It is not often I agree with Cowen or academics in general. But sometimes they get it. Cowen is largely on target when he says Yes, a Corporate Tax Cut Would Increase Investment.

A common criticism of the current Republican tax plans is that they will not boost private investment. While I have major reservations about these plans as a whole, this particular objection is oversold.

The evidence on investment behavior is fairly clear. When companies have more “free cash” at hand, they tend to invest more, and this effect is distinct from any effect of the tax cut on expected rates of return. So, in other words, when critics call the corporate rate cut a “giveaway” to business, that is precisely the mechanism that tends to boost investment.

Furthermore, while these investment boosts are strongest for companies that are cash constrained, they also seem to occur for the companies that have a lot of cash on hand, as is often the case with today’s profitable corporations.

A related worry is that companies will take their cash windfalls and simply return them to investors in the form of dividends and cash buybacks. First, the evidence doesn’t support this fear.

More generally, sending money back to investors doesn’t have to mean no new investment. What if those investors take the money and put it in a venture capital fund or invest it in some other manner? The whole point of capital markets is to recycle resources into the most profitable new opportunities, and that may or may not involve the companies that initially earned those profits.

Many economic effects operate without all of the participants knowing exactly what is driving the final result. For instance, more cash in corporate coffers could induce managers to develop more good project ideas for the CEO. The CEO might feel he or she is responding to the higher quality of project ideas, rather than to the corporate rate cut per se.

More importantly, let’s take the extreme scenario where companies simply take all of the proceeds from the tax rate cut and put them in the bank, never increasing their own investments as a result. Well, the banks now have more funds to lend out, and so investment still is likely to go up, even if this happens somewhere far and wide from the original corporation earning the new profits.

Whoa! Stop Right There

Until that paragraph, Cowen was 100% spot on.

Where is Cowen wrong? The answer is banks do not lend from reserves or excess reserves.

Professor Steve Keen agrees.

BIS Study

The level of reserves hardly figures in banks’ lending decisions. The amount of credit outstanding is determined by banks’ willingness to supply loans, based on perceived risk-return trade-offs, and by the demand for those loans.

The main exogenous constraint on the expansion of credit is minimum capital requirements.
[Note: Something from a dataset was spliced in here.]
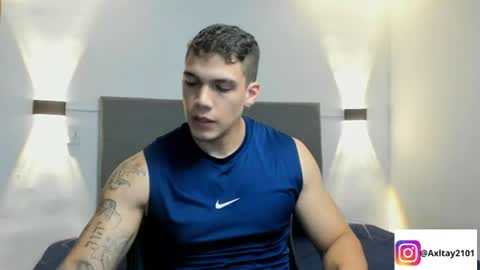 Axl     INDEPENDENT MODEL online show from August 8, 7:36 pm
An expansion of reserves in excess of any requirement does not give banks more resources to expand lending. It only changes the composition of liquid assets of the banking system. (emphasis by Mish).

Cowen Conclusion Back on Track

Just to be clear, I think the currently circulating versions of the tax plan are unwise. They increase the deficit too much, don’t have the right kind of distributional consequences to prove stable, and they might eliminate the Obamacare mandate without a planned stabilizing replacement. Those and other more technical reasons are enough to bring at least parts of these proposed laws back to the drawing board.

But when the critics allege that corporate tax rate cuts won’t boost investment, that’s going against basic economics.

Pertinent Tweet

Political Labeling

One of my readers was upset with me last week when I agreed with a bunch of EU academics regarding Catalonia. The reader's objection was that I agreed with a bunch of academics.

I asked the reader what that they said that he disagreed with. He could not come up with anything other than I was siding with academics.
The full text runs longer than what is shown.